Stored data:
——————

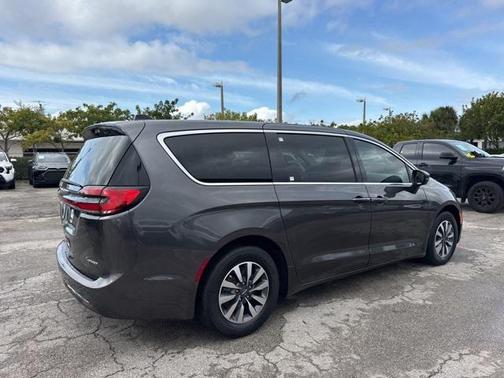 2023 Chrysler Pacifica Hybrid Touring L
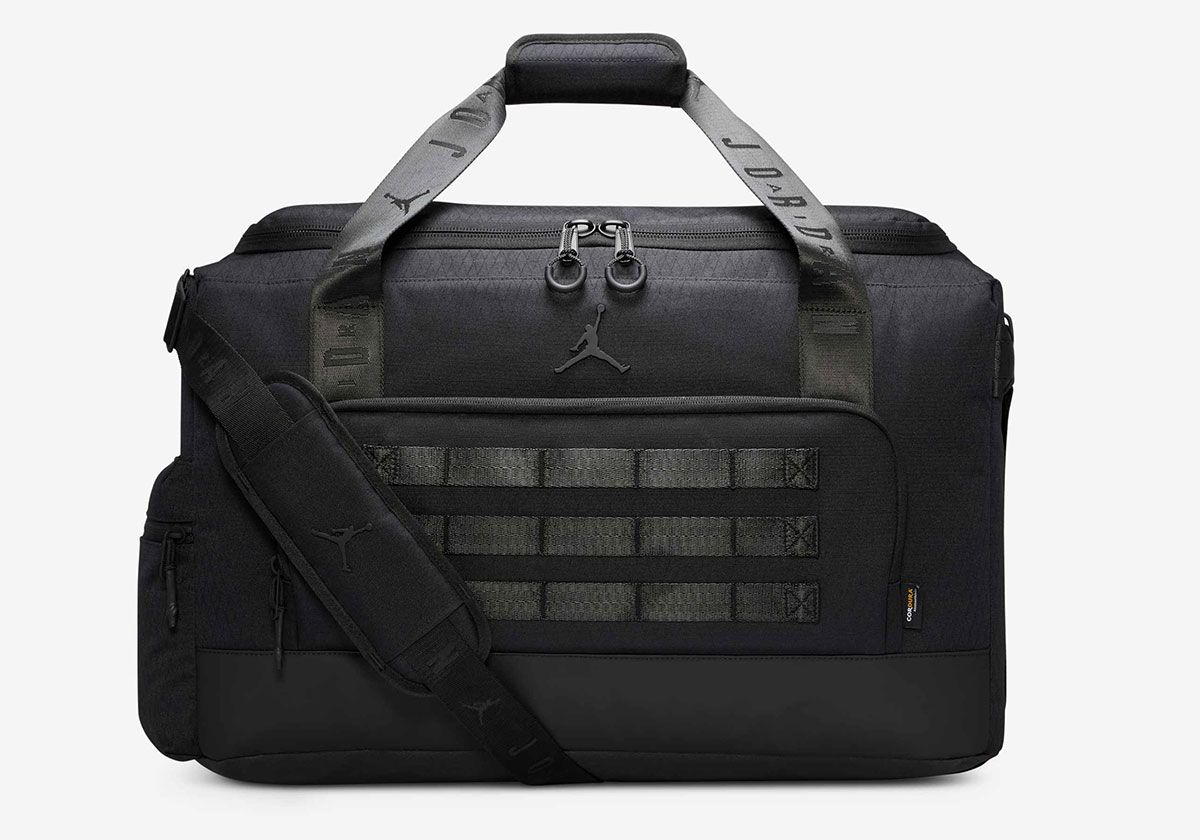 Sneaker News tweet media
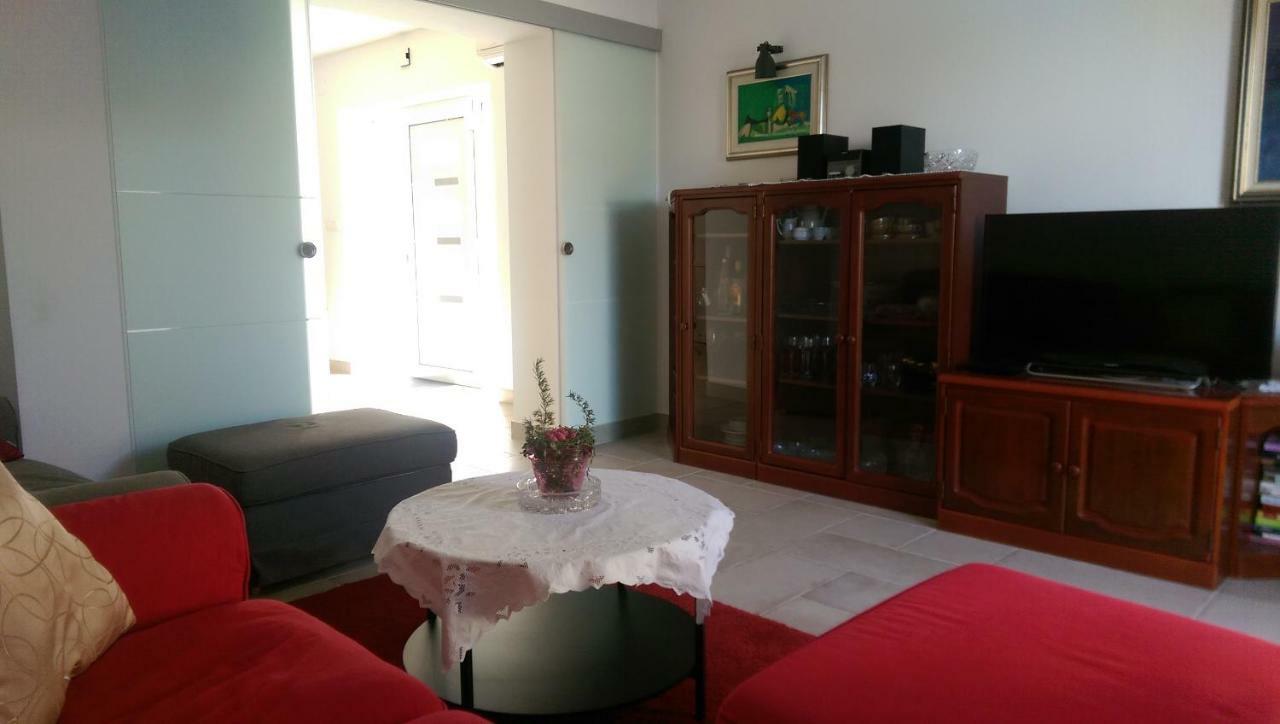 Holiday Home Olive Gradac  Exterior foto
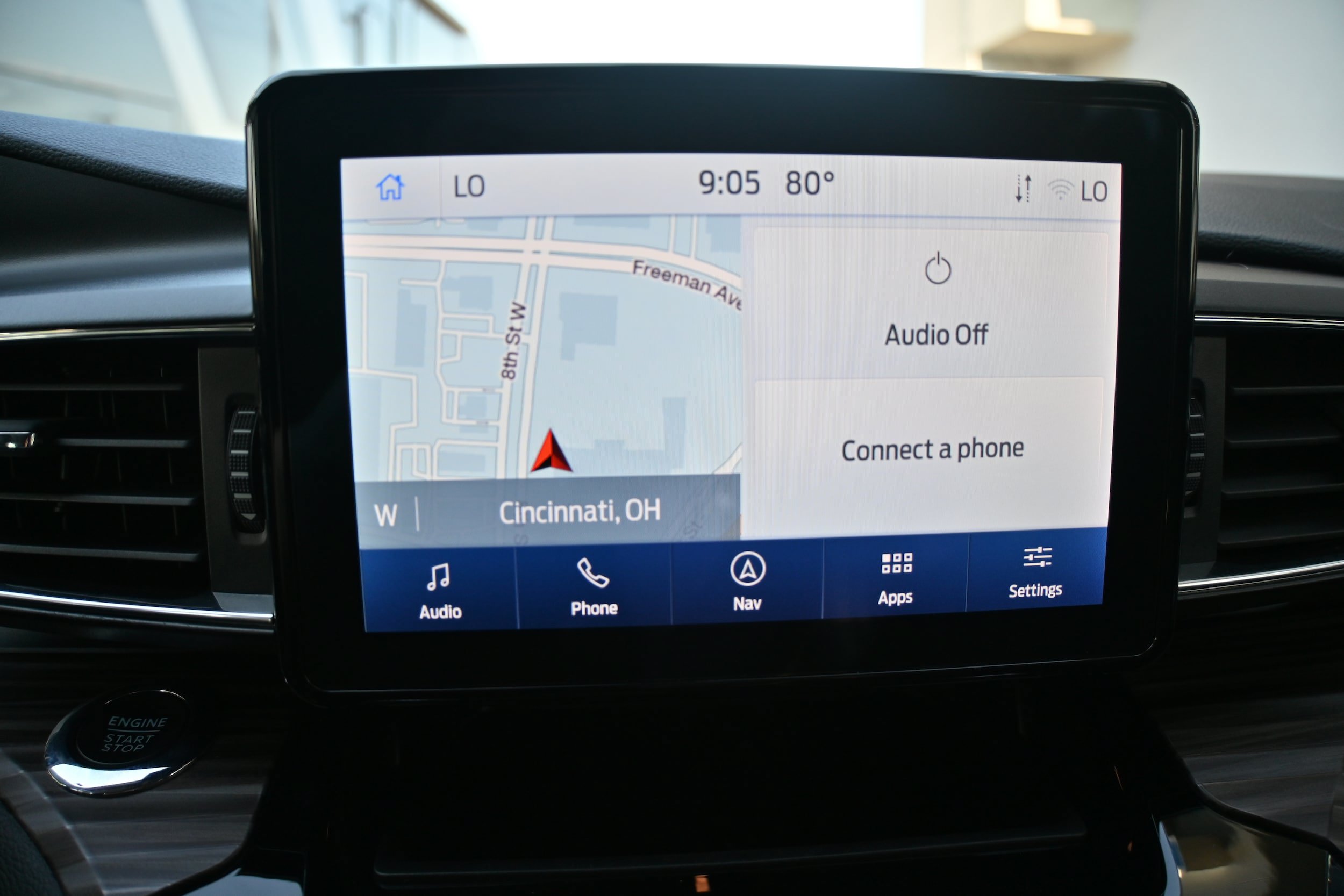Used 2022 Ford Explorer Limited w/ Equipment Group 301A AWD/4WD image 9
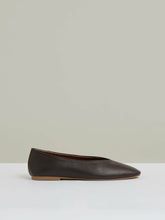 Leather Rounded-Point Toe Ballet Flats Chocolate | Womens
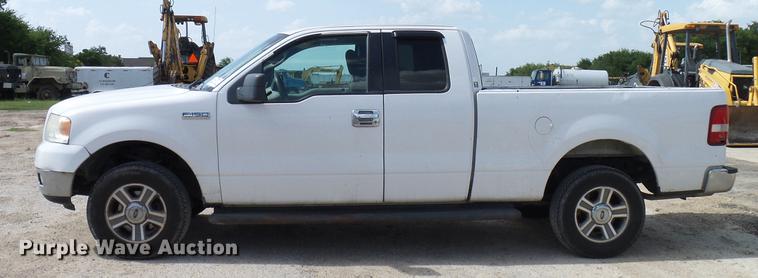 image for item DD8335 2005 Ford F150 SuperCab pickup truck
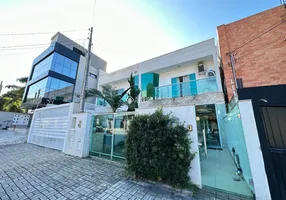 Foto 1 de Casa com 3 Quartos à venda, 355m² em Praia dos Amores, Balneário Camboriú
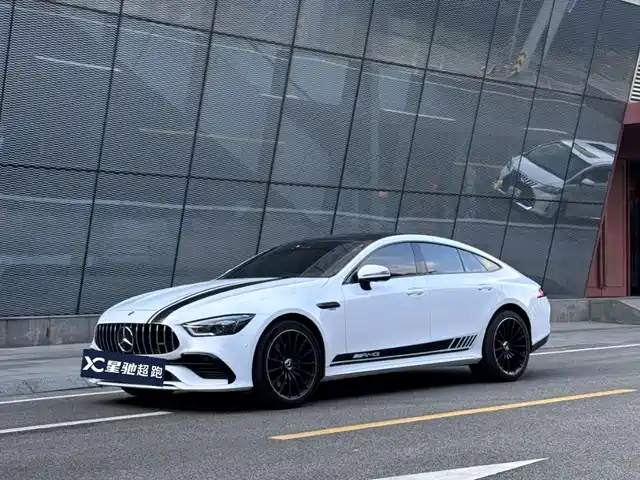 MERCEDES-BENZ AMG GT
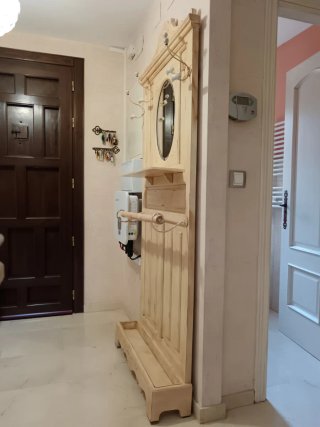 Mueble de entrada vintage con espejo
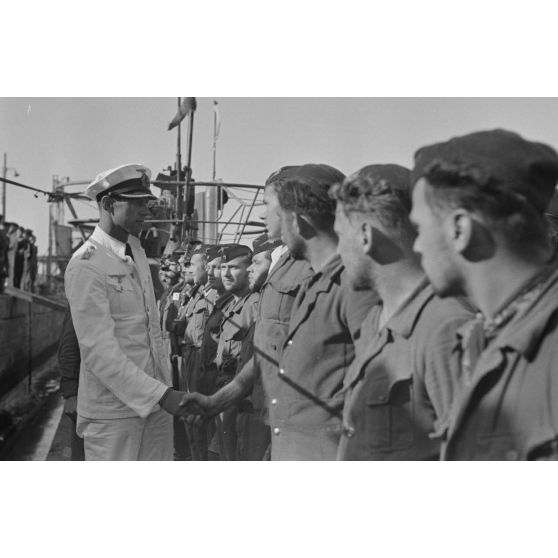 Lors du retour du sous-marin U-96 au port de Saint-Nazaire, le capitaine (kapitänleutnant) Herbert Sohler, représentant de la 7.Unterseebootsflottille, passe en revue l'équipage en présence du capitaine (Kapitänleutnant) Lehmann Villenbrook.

——————

TASK BRIEF>
Nothing but the pictures is to be left out; repeat the data exactly.

COMPLETED EXERCISE>
 2023 Chrysler Pacifica Hybrid Touring L
 Sneaker News tweet media
 Holiday Home Olive Gradac  Exterior foto
Used 2022 Ford Explorer Limited w/ Equipment Group 301A AWD/4WD image 9
 Leather Rounded-Point Toe Ballet Flats Chocolate | Womens
 image for item DD8335 2005 Ford F150 SuperCab pickup truck
 Foto 1 de Casa com 3 Quartos à venda, 355m² em Praia dos Amores, Balneário Camboriú
 MERCEDES-BENZ AMG GT
 Mueble de entrada vintage con espejo
 Lors du retour du sous-marin U-96 au port de Saint-Nazaire, le capitaine (kapitänleutnant) Herbert Sohler, représentant de la 7.Unterseebootsflottille, passe en revue l'équipage en présence du capitaine (Kapitänleutnant) Lehmann Villenbrook.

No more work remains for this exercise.